═════ RECORDS SUPPLIED

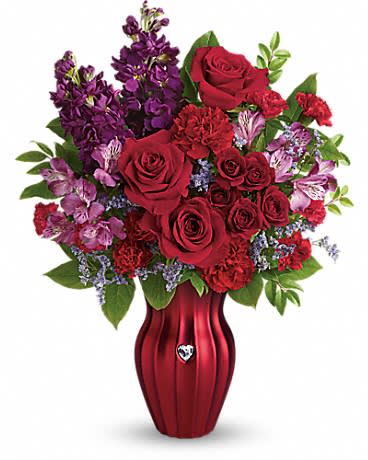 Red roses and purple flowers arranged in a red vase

══════════
═════ RECORDS SUPPLIED

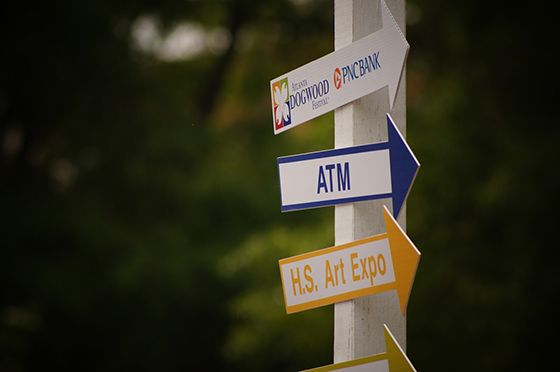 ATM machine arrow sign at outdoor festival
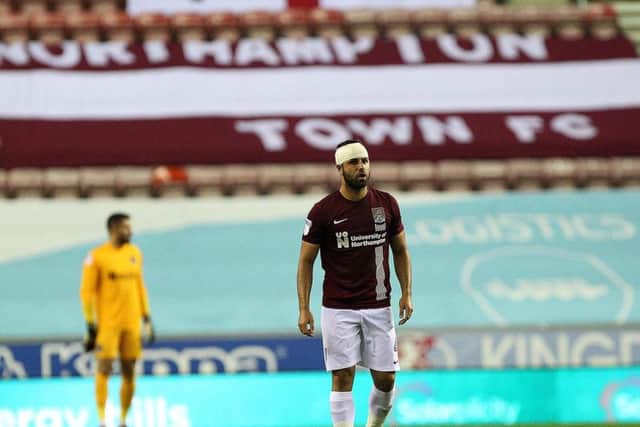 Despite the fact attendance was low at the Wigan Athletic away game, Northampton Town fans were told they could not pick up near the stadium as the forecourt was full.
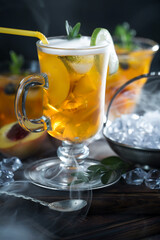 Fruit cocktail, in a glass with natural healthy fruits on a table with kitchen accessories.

══════════

**EXERCISE**
Only one stretch of the listing is wanted: the lines starting at the one with "ATM machine arrow sign at outdoor festival" and ending at the one with "Fruit cocktail, in", copied exactly and free of pictures.

**ANSWER SPACE**
 ATM machine arrow sign at outdoor festival
 Despite the fact attendance was low at the Wigan Athletic away game, Northampton Town fans were told they could not pick up near the stadium as the forecourt was full.
 Fruit cocktail, in a glass with natural healthy fruits on a table with kitchen accessories.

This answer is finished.